### Aim of the exercise
Using only the entries below, copy exactly the lines that begin at the one with "medium rimless sunglasses" and end at the one with "Stussy 8 Ball Corp. T-Shirt Black", both included. Drop the pictures.

### Excerpted data

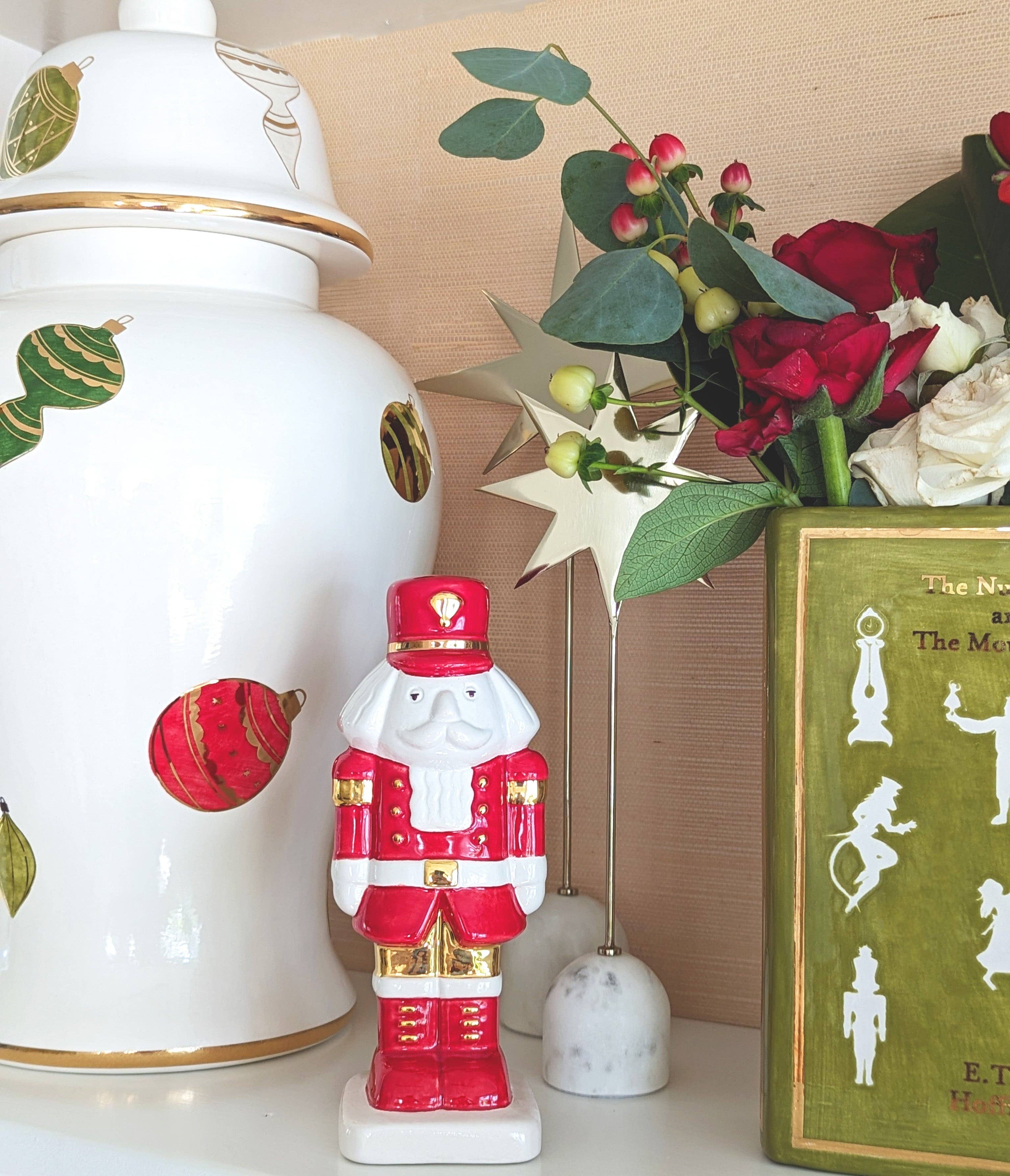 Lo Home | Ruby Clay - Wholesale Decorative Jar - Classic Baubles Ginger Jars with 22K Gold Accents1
* * *
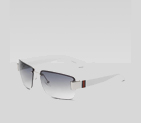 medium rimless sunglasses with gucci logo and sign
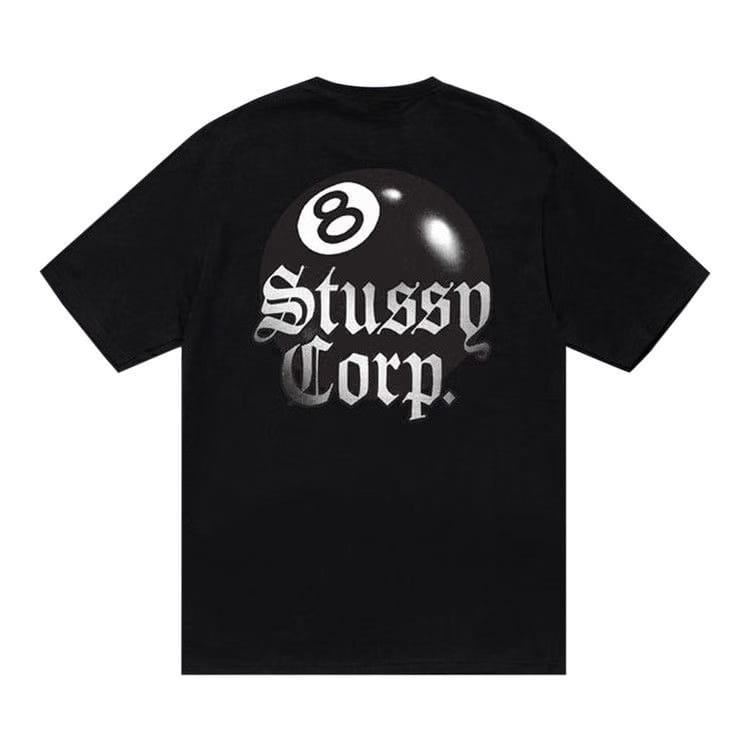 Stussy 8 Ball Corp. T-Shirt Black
* * *
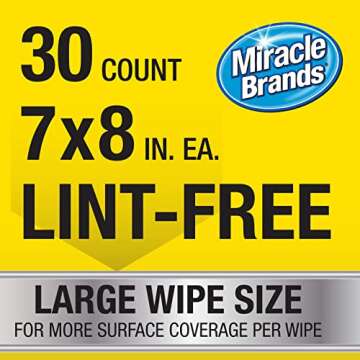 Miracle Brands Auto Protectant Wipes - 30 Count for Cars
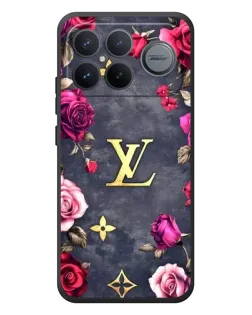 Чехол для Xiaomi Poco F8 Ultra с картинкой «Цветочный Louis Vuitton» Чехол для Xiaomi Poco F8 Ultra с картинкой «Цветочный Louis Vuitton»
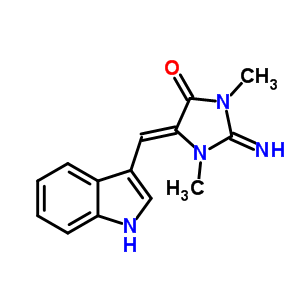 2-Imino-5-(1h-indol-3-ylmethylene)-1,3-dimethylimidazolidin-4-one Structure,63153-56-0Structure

### Solved problem
 medium rimless sunglasses with gucci logo and sign
 Stussy 8 Ball Corp. T-Shirt Black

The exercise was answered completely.